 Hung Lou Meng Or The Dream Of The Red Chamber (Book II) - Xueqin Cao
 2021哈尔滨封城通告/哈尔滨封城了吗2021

_ _ _ _

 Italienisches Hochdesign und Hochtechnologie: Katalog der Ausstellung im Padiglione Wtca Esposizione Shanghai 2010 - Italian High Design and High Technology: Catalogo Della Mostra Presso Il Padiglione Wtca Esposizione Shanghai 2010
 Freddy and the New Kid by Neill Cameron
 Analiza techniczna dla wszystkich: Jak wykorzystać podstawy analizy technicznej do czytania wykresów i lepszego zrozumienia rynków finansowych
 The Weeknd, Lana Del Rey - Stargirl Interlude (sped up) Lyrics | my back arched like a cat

_ _ _ _

> [EXERCISE REQUIREMENTS]:
Starting at the line that contains "Analiza techniczna dla" and stopping after the line that contains "The Weeknd, Lana", write out every line exactly as it appears above, and no other line.

> [EXPECTED OUTPUT]:
 Analiza techniczna dla wszystkich: Jak wykorzystać podstawy analizy technicznej do czytania wykresów i lepszego zrozumienia rynków finansowych
 The Weeknd, Lana Del Rey - Stargirl Interlude (sped up) Lyrics | my back arched like a cat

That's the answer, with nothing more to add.